Jayaprakash Radhakrishnan’s disturbing cautionary tale examines the dark, perverse corners of the digital space. Arvind, a software engineer and a family man, is first seen sitting in front of a computer in his locked room. Estranged from his wife, he joyously searches for an online session of voyeurism and virtual sex. Arvind accepts a random friend request from a girl with a beautiful profile picture. But only a tall, bald man graces the screen on the other end. And, he has one simple yet menacing request: ‘please watch me commit suicide’. Arvind immediately disconnects, but the stranger has already set up a vivid, seemingly cruel plan to trap Arvind.
Director Jayaprakash avoids explicit manner of storytelling and neatly suggests the violence and sexual abuse inflicted upon the characters. Anand Sami’s performance as the vindictive stranger is one of the big talking points of the narrative. Altogether, it’s a hard-hitting drama that warns us about our reckless, irresponsible behavior in the virtual space.

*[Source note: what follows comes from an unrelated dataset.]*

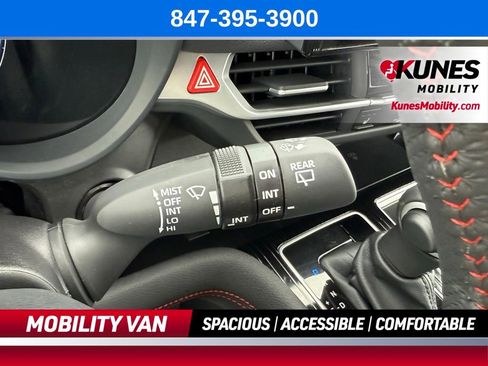 Used 2025 Toyota Sienna XSE w/ XSE Plus Package AWD/4WD image 35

6. Maanagaram (Metropolis)
Lokesh Kanagaraj’s socially conscious debut feature is a good, complex interplay of dramatic elements. It follows the structure of hyperlink cinema. The narrative revolves around a kidnapping incident and four diverse characters: a youngster from a small town seeking employment in a BPO; a carefree, tough guy who woos a well-employed girl; a taxi-driver, who has moved to Chennai for the sake of his son’s asthma treatment; and a wannabe criminal, whose naivety incites gales of laughter.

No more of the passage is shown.